[Supplied entries]
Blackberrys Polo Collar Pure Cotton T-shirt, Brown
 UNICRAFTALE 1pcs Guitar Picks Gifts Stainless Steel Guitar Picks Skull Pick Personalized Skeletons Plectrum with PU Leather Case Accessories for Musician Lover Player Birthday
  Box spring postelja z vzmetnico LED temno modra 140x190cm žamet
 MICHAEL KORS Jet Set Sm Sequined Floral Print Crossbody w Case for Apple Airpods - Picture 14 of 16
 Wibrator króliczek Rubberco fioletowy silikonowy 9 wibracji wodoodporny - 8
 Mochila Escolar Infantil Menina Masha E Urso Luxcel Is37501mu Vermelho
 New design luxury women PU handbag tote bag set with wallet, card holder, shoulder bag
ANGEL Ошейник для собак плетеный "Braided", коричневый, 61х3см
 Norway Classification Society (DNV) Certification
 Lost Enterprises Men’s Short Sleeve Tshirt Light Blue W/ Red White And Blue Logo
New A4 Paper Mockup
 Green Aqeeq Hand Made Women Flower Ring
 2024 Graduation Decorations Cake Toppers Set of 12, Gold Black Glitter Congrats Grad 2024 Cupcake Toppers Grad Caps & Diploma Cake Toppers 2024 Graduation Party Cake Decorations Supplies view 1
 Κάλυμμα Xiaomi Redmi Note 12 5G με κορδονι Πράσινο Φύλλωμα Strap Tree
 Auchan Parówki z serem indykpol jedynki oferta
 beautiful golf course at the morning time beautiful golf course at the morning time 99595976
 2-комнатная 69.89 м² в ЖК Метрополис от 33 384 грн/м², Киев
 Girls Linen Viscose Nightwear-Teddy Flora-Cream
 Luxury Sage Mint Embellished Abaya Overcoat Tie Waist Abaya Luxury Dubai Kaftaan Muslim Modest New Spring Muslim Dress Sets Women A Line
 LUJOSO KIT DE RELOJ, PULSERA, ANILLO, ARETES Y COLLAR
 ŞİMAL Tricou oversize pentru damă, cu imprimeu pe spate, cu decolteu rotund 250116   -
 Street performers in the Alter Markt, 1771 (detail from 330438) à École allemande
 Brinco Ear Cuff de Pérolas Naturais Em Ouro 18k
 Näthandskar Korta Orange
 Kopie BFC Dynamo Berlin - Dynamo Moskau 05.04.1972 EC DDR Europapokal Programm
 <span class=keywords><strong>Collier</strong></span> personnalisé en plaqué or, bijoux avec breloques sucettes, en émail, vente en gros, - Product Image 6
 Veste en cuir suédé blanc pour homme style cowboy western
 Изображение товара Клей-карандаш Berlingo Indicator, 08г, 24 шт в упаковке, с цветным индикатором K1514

[Work request] Nothing but the lines from the one that contains "Lost Enterprises Men’s" through the end of the data above should appear, each reproduced exactly.

[Result]
 Lost Enterprises Men’s Short Sleeve Tshirt Light Blue W/ Red White And Blue Logo
New A4 Paper Mockup
 Green Aqeeq Hand Made Women Flower Ring
 2024 Graduation Decorations Cake Toppers Set of 12, Gold Black Glitter Congrats Grad 2024 Cupcake Toppers Grad Caps & Diploma Cake Toppers 2024 Graduation Party Cake Decorations Supplies view 1
 Κάλυμμα Xiaomi Redmi Note 12 5G με κορδονι Πράσινο Φύλλωμα Strap Tree
 Auchan Parówki z serem indykpol jedynki oferta
 beautiful golf course at the morning time beautiful golf course at the morning time 99595976
 2-комнатная 69.89 м² в ЖК Метрополис от 33 384 грн/м², Киев
 Girls Linen Viscose Nightwear-Teddy Flora-Cream
 Luxury Sage Mint Embellished Abaya Overcoat Tie Waist Abaya Luxury Dubai Kaftaan Muslim Modest New Spring Muslim Dress Sets Women A Line
 LUJOSO KIT DE RELOJ, PULSERA, ANILLO, ARETES Y COLLAR
 ŞİMAL Tricou oversize pentru damă, cu imprimeu pe spate, cu decolteu rotund 250116   -
 Street performers in the Alter Markt, 1771 (detail from 330438) à École allemande
 Brinco Ear Cuff de Pérolas Naturais Em Ouro 18k
 Näthandskar Korta Orange
 Kopie BFC Dynamo Berlin - Dynamo Moskau 05.04.1972 EC DDR Europapokal Programm
 <span class=keywords><strong>Collier</strong></span> personnalisé en plaqué or, bijoux avec breloques sucettes, en émail, vente en gros, - Product Image 6
 Veste en cuir suédé blanc pour homme style cowboy western
 Изображение товара Клей-карандаш Berlingo Indicator, 08г, 24 шт в упаковке, с цветным индикатором K1514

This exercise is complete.